La decisión del Ayuntamiento de Lleida de proscribir la utilización del burka y del niqab en los espacios de titularidad municipal ha abierto un debate social, político y religioso. Es inevitable y saludable que así sea, porque en una comunidad tan plural como la catalana es preciso sopesar las razones de la prohibición y, al mismo tiempo, prever qué consecuencias puede tener. Suponer que nos hallamos ante una actuación administrativa sin apenas repercusión porque afecta a un porcentaje pequeñísimo de mujeres musulmanas, es una simplificación facilona e irreal.
Para empezar, conviene subrayar que la opinión más extendida es que el velo integral, se mire por donde se mire, tiene mucho de limitación de los derechos de la mujer y bastante menos de cumplimiento de un precepto religioso. Ni siquiera las manifestaciones de aquellas que dicen haber optado libremente por el niqab logran disipar la impresión de que, al ocultarse por completo bajo ropajes de un rigor estricto, estas mujeres renuncian a manifestar su personalidad, a diferenciarse de las demás, a disponer de un espacio de identidad propio e intransferible. En el seno de una sociedad educada en los valores de la Ilustración y la igualdad de los sexos, esta forma de anonimato resulta incomprensible.
Para continuar, conviene recordar que la posibilidad de que todos seamos reconocibles e identificables en el espacio público –sepamos con quién nos cruzamos en la calle– forma parte de nuestro acervo cultural. En cierto sentido, es una manifestación de igualdad que merece defenderse y que deben observar y proteger los ciudadanos recién llegados a nuestro país, con independencia de las creencias que legítimamente tengan. Enunciado de otra forma: ningún musulmán puede sentirse excluido por tener que observar las reglas de convivencia que nuestra sociedad –la de acogida– considera elementales.
Dicho todo lo cual, hay que añadir que habrá que prestar atención a la reacción que suscita la disposición aprobada en Lleida.
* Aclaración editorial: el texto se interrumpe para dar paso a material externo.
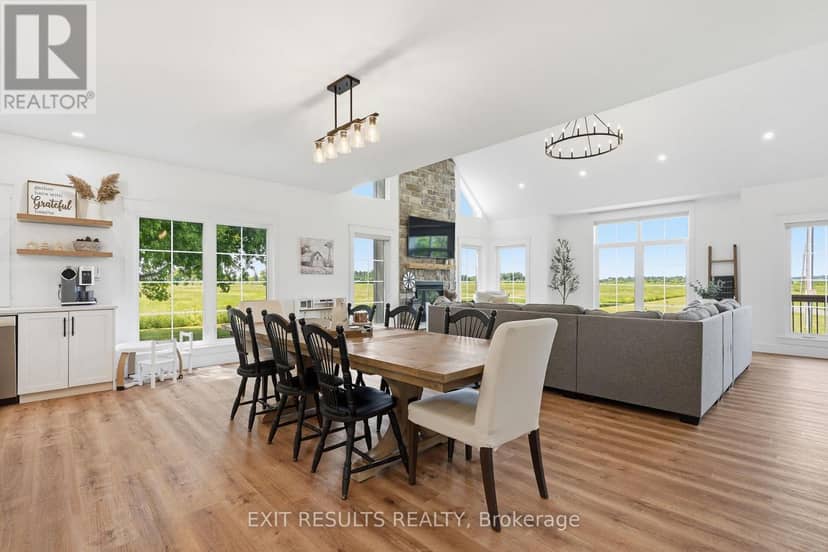 2083 Groves Road — photo 11 of 40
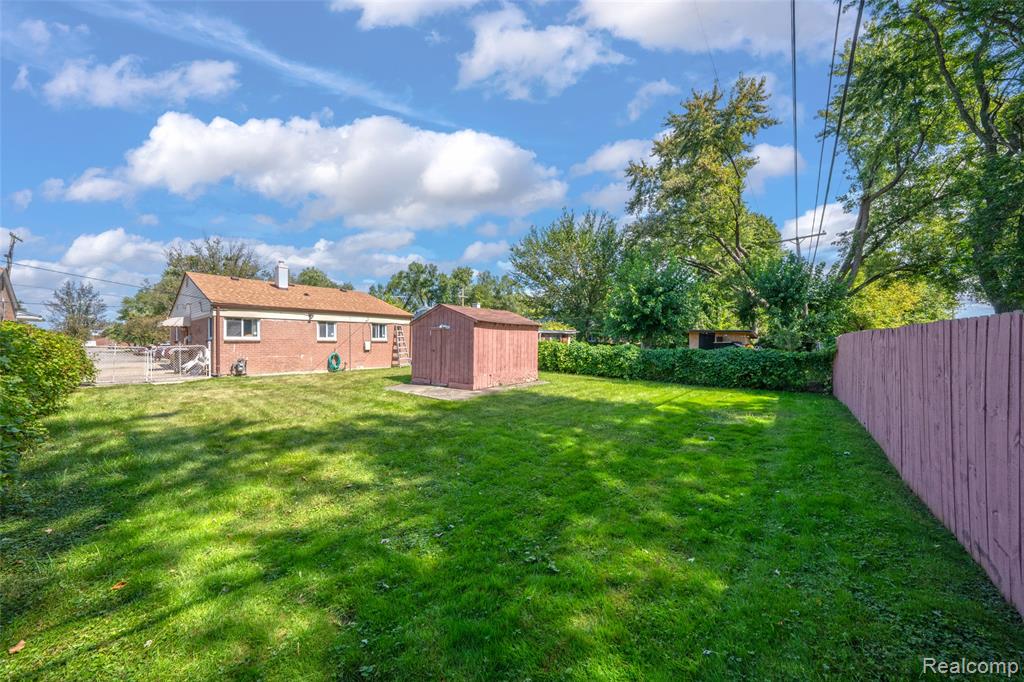 13341 Albany Street, Oak Park, MI 48237 — Photo 25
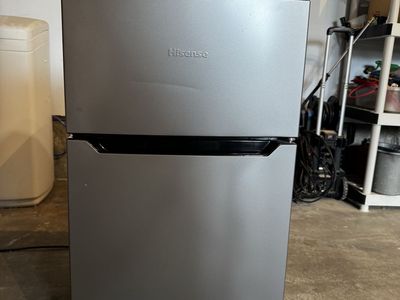 Hisense 3.1 cu ft Two-Door Mini Fridge/Freezer - Stainless Steel Look, Compact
Primero, porque a meses de una convocatoria electoral conviene que los partidos democráticos anden con pies de plomo para no alimentar la demagogia xenófoba. Segundo, porque sería de lamentar que el propósito de acotar la forma de vestir de unas pocas mujeres diese pie a una reacción de afirmación de algún sector de la comunidad musulmana que acabase por sumar más adeptas al uso del niqab.